An Oregon Advance Directive helps you prepare for medical situations where you’re unable to communicate your health care preferences to a doctor or emergency personnel.
In Oregon, your Advance Directive allows you to select someone as your healthcare agent. Your healthcare agent is responsible for making medical decisions in your best interest if you can’t physically or mentally make those decisions evident.
As you complete your legal document, you may observe one or more of the following terms, which are outlined in Section 127.505 of the Oregon Revised Statutes:
- Attorney-in-fact: Sometimes referred to as an agent, this person is appointed to make healthcare decisions when you become incapacitated.
- Health care representative: Similar to an attorney-in-fact, this person can either be explicitly designated to make decisions on your behalf or may be appointed by the court to take on this critical role.
- Attending physician: In Oregon, the primary doctor responsible for your care is known as your attending physician.
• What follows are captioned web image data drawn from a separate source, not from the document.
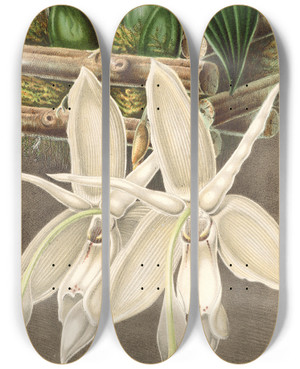 Triptych art skateboard deck of Charles Antoine Lemaire Stanhopea Eburnea Var Spectabilis by Charles Antoine Lemaire (1800-1871)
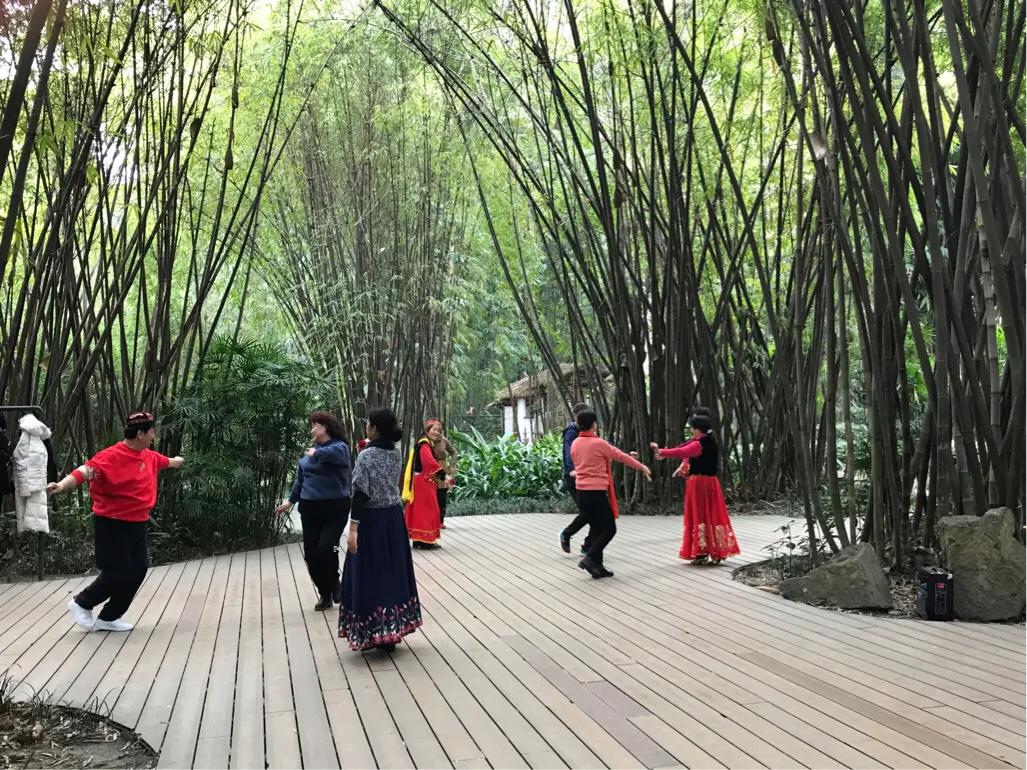 成都望江楼公园简介,成都望江楼公园要门票吗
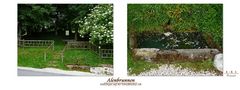 "Der Alenbrunnen* bei Münsingen"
- Instrument: This term refers to any Advance Directive, court appointment, or court order governing medical decisions.
- Principal: The principal is the person who creates the form or seeks a health care representative. If you draft a Health Care Directive, you will be referred to as the principal.
Choosing Your Agent
Often referred to in Oregon as a health care representative or attorney-in-fact, your agent makes various decisions on your behalf. Many people can take on this vital role, but not all can handle the responsibility.
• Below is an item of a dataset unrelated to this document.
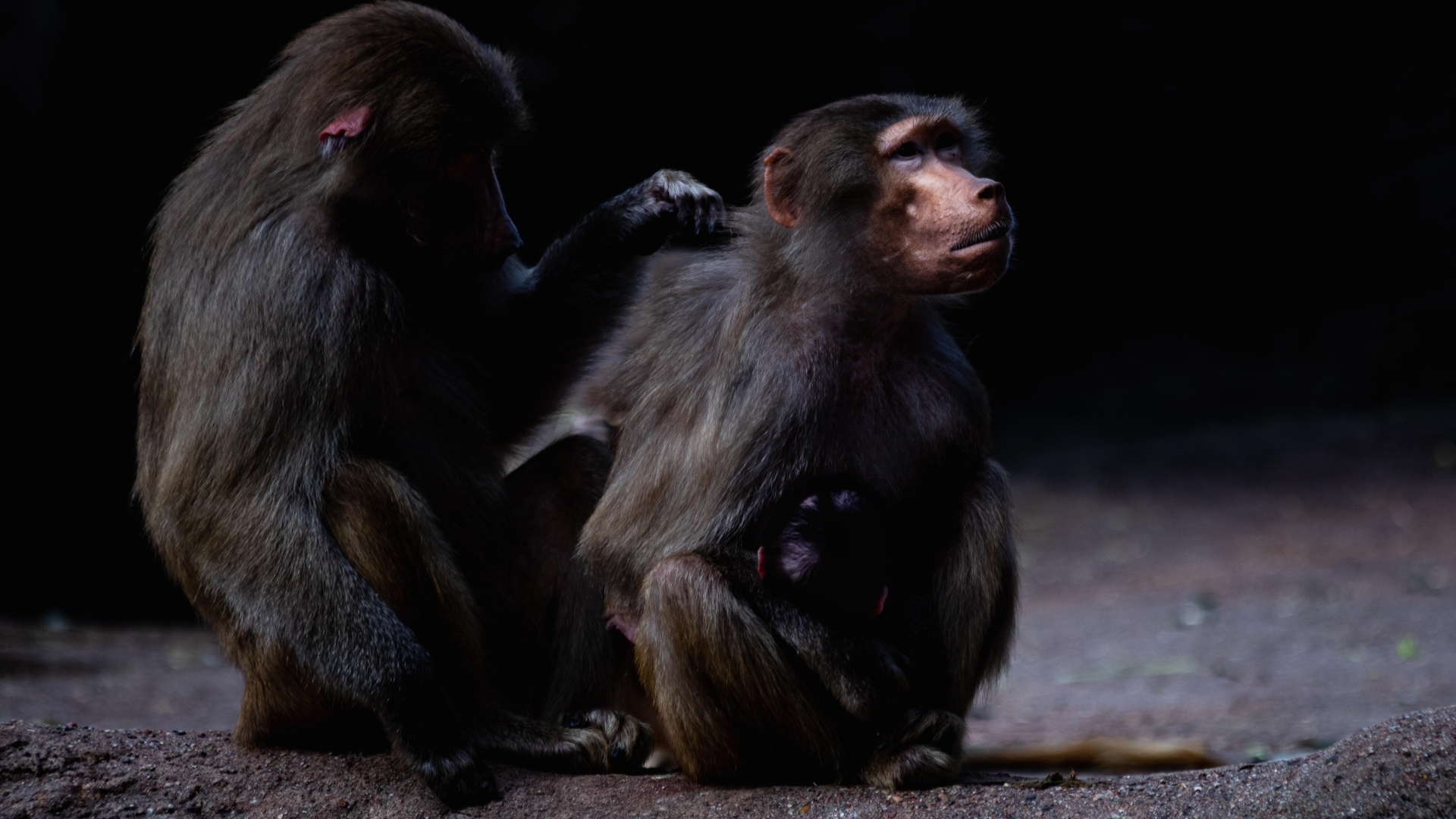 Два бабуина на черном фоне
Beyond personal preference, this state’s requirements for selecting agents are surprisingly minimal. § 127.505 of the Oregon Revised Statutes states that your agent or attorney-in-fact must be an adult. This person cannot also serve as your witness.
You can select an alternate attorney-in-fact who would take over as an agent if your primary representative cannot fulfill their duties. This person should also abide by the requirements outlined in the Oregon Revised Statutes.
Who is not allowed to serve as an agent?
§ 127.520 of the Oregon Revised Statutes prohibits attending physicians from serving as agents unless they are related to you by blood, adoption, or marriage. Likewise, the owner of your healthcare facility cannot be appointed to this role after you have been admitted to said facility.
Your Advance Directive gives your selected agent various powers and responsibilities, as § 127.535 of the Oregon Revised Statutes describes. These include the following:
- Receiving and reviewing all materials and notifications regarding your care
- Making decisions related to medical treatments or prescription medications
- Withdrawing you from life-sustaining procedures, including artificially administered hydration or nutrition, if granted your explicit permission.
Section 127.535 of the Oregon Revised Statutes also states that your agent’s authority over healthcare decisions does not render them responsible for ensuing medical expenses.
Which decisions are prohibited?
According to § 127.540 of the Oregon Revised Statutes, your agent cannot consent to the following on your behalf:
- Convulsive treatment
If not granted permission, your agent may also be barred from making decisions regarding life-sustaining procedures.
To empower your agent to make non-healthcare-related decisions on your behalf, use a General Power of Attorney form.